The expected output is every line of the data exactly as shown, minus the images.

========================================

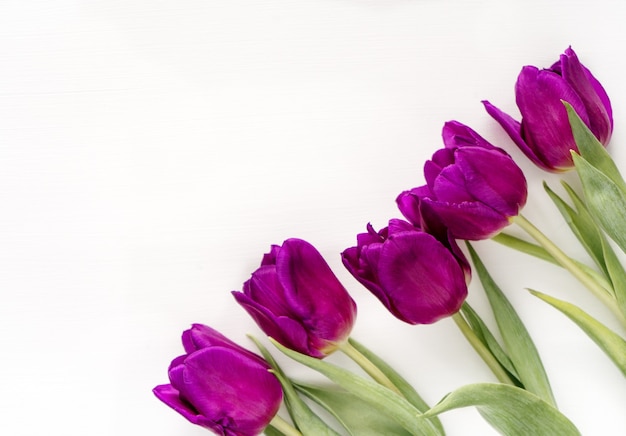 Beautiful purple tulips on a white table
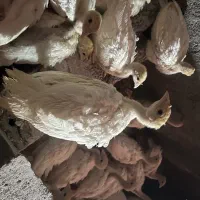 بوقلمون ۴۰ روزه بیوتی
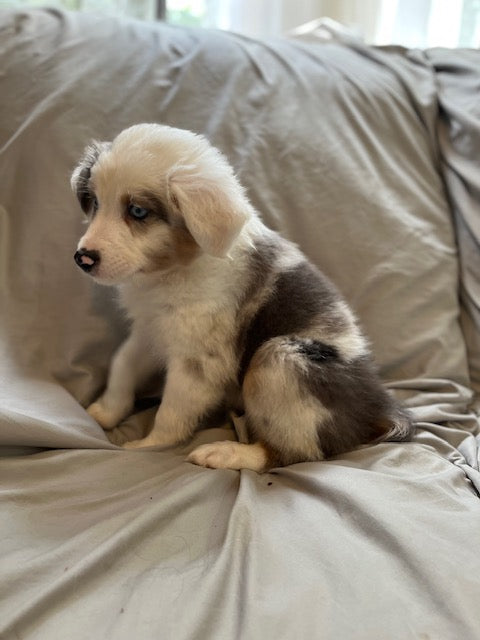 Male Merle Aussie Puppy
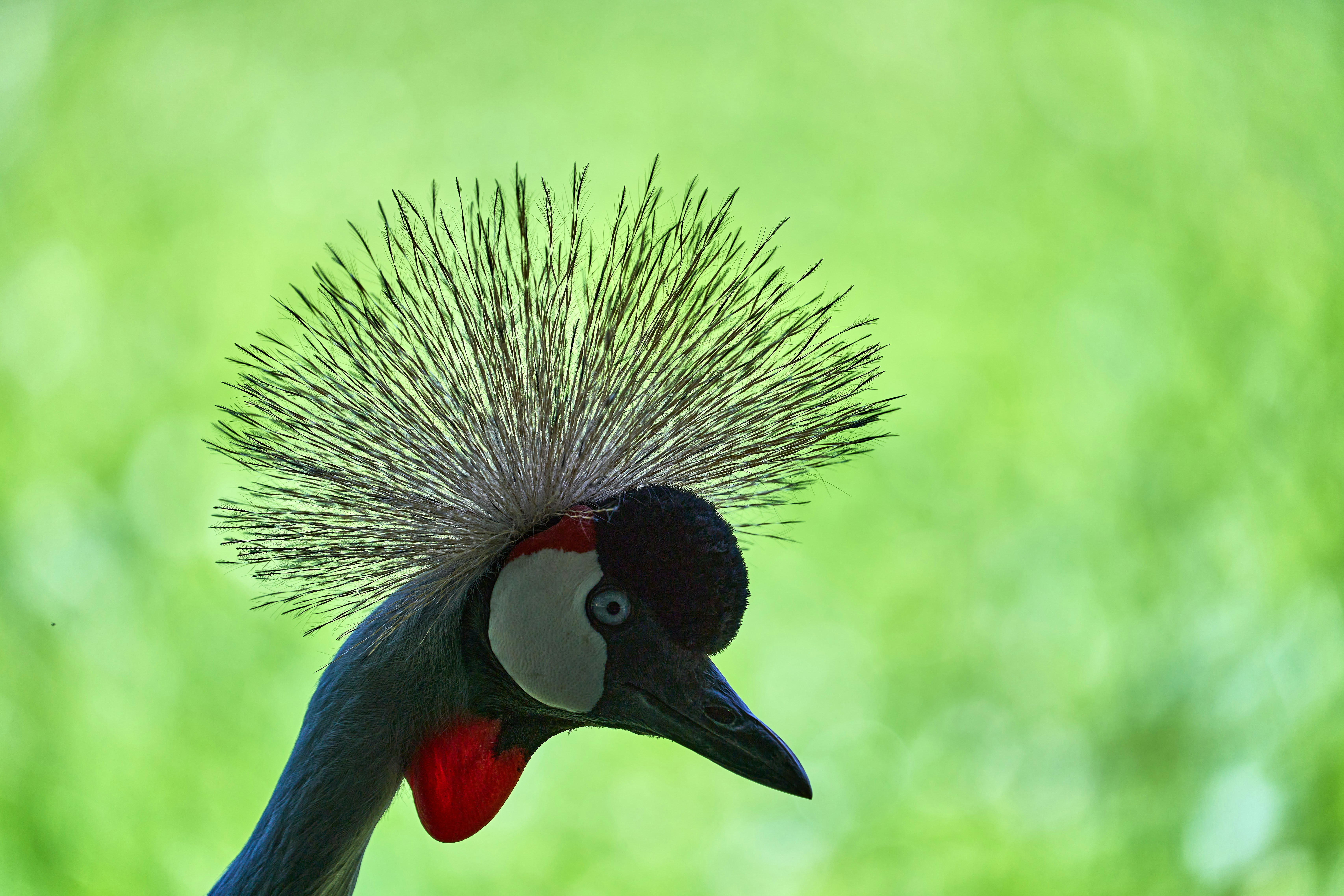 Photo by wolfgang_hasselmann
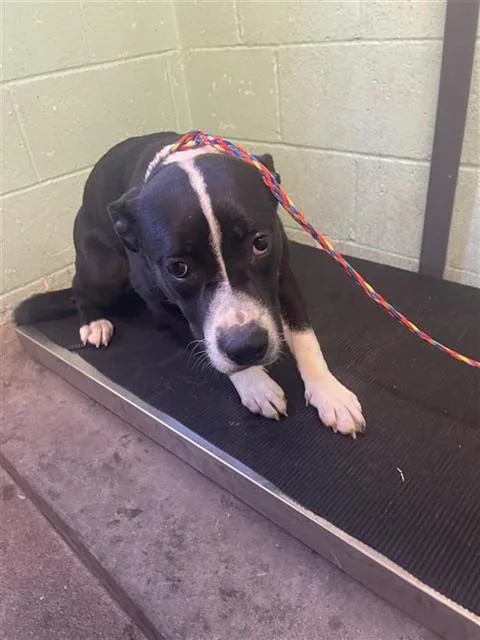 A young medium-sized female Pit Bull Terrier dog named Ellie Mae for adoption in Sacramento, CA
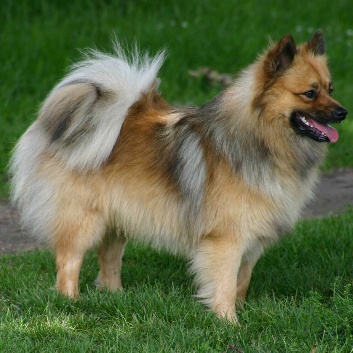 Mittelspitz Bodie von der Rosssteige - Farben der Spitze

========================================

→ EXERCISE ANSWER:
 Beautiful purple tulips on a white table
 بوقلمون ۴۰ روزه بیوتی
 Male Merle Aussie Puppy
 Photo by wolfgang_hasselmann
 A young medium-sized female Pit Bull Terrier dog named Ellie Mae for adoption in Sacramento, CA
 Mittelspitz Bodie von der Rosssteige - Farben der Spitze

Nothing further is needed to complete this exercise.